And in Oosthuizen v Road Accident Fund[15] stated as follows with regards to s 173:
‘Jerold Taitz succinctly describes the inherent jurisdiction of the high court as follows in his book The Inherent Jurisdiction of the Supreme Court (1985) pp 8-9:
“. . .This latter jurisdiction should be seen as those (unwritten) powers, ancillary to its common law and statutory powers, without which the court would be unable to act in accordance with justice and good reason. The inherent powers of the court are quite separate and distinct from its common law and its statutory powers, eg in the exercise of its inherent jurisdiction the Court may regulate its own procedure independently of the Rules of Court.‟’
[24] This default position can be exercised to ensure convenience and fairness in legal proceedings, whenever the court considers it to be just and equitable in the circumstances. The high court does not have any rules that regulate the applications for hearing of evidence through video link conferences. It would be absurd that having found that this court has jurisdiction to deal with the matter but because the rules of this court do not provide for a mechanism to deal with this application, that it should be rejected. South Africa prides itself in the rights enshrined in the Constitution. One of those paramount rights being s 34 of the Constitution which provides that
‘Everyone has a right to have any dispute that can be resolved by the application of law decided in a fair public hearing before a court or, where appropriate, another independent and impartial forum.’
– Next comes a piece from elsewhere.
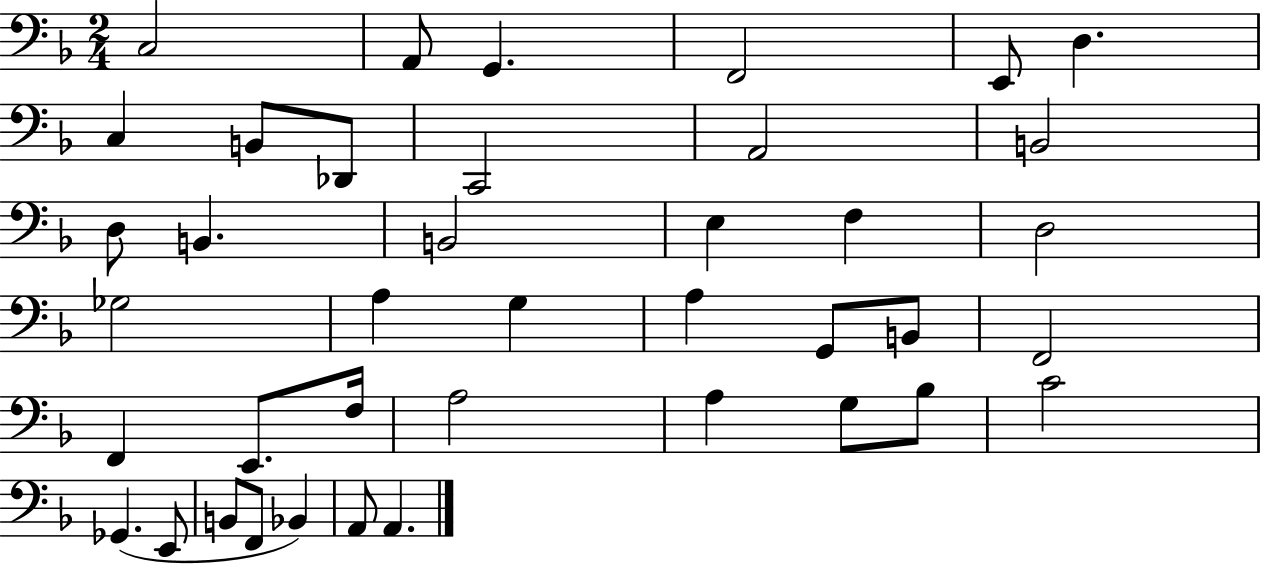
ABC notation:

I find that the absence of such rules should not prevent this court from considering the application. The hearing with the aid of a video link conference will be a public hearing in a court of law, where all the parties will be appearing before a judge seized with the matter. I cannot see why such evidence cannot be admissible in any court of law.
[25] It is my view that the applicant has made out a case for the relief sought. The video link conference will also ensure access to the courts in terms of s 34 of the Constitution for the applicant and courts have a duty to ensure that people who have physical, financial, health and age barriers like the applicant have access to justice. The legal barriers created by the lack of rules, cannot override the right to access to justice. Video link conferencing extends and expands access to justice. Technology with the necessary safeguards enhances such a right enshrined in the Constitution.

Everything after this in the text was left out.